15
- July
2019
Posted By : Secretary
Batson Relishes Backyard Relic Boundary

Doug Baston, who joined us at the 2015 and 2019 ICMGs shared a 2019 article with me.

Batson Relishes Backyard Relic Boundary

CROSS JUNCTION, VA

November 12, 1989: the Berlin Wall was cracking open. One million euphoric East Berliners crossed over the “Wall of Shame” to jubilant crowds of West Berliners. The 866-mile Inner German border, where retired Sergeant First Class Douglas Batson’s U.S. Army cavalry unit had patrolled, was also soon dismantled. Four decades of Cold War tensions now belonged to the past.

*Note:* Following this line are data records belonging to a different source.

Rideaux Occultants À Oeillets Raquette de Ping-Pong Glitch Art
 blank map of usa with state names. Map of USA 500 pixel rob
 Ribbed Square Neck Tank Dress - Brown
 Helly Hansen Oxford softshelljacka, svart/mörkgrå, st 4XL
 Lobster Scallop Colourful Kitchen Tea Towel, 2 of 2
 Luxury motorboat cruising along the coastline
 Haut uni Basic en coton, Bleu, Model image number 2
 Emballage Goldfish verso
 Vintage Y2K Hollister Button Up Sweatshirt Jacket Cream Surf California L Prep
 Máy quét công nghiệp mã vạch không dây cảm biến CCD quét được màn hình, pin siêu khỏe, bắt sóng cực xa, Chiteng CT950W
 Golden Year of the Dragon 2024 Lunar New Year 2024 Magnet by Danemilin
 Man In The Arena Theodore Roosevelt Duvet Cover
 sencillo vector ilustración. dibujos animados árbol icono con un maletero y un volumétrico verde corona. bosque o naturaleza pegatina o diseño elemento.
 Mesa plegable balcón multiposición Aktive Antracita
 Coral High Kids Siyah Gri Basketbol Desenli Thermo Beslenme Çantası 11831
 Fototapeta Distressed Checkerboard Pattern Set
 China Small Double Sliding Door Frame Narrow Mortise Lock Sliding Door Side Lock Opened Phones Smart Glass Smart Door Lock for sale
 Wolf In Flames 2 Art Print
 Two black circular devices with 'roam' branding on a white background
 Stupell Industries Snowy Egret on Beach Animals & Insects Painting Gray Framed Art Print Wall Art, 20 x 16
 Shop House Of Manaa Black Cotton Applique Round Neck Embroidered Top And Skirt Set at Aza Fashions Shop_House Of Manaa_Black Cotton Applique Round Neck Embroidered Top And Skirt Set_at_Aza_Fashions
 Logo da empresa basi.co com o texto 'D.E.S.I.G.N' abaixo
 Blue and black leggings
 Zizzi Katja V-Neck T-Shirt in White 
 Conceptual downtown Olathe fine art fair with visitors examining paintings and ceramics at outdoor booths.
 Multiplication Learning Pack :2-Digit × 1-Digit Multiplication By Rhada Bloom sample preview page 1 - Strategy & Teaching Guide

On that same riotous November day in 1989, Batson, a Lake Holiday resident, quietly celebrated his 30th birthday in Nuremberg, Germany. Thirty years after die Wende or turning point, Batson has recreated that Inner German border with precision accuracy. The idea came from his 2017 visit to the Deutsch-Deutsches Museum in Mödlareuth, where a section of the infamous Iron Curtain has been preserved.

The border by Asbach, Thuringen in West Germany, 1985. Photo from Die Grenze, p. 62.

The two meter tall border posts were custom cut from poplar wood at McFarland’s Mill in Winchester, Virginia, to the same dimensions as those that had sealed-off 16 million East Germans from their countrymen for two generations. Coating the posts with paint and shellac resulted in a first-rate reproduction boundary, a relic of that bygone geopolitical era.

Batson served for a dozen years in the former West Germany, and later became a political geographer with the U.S Department of Defense.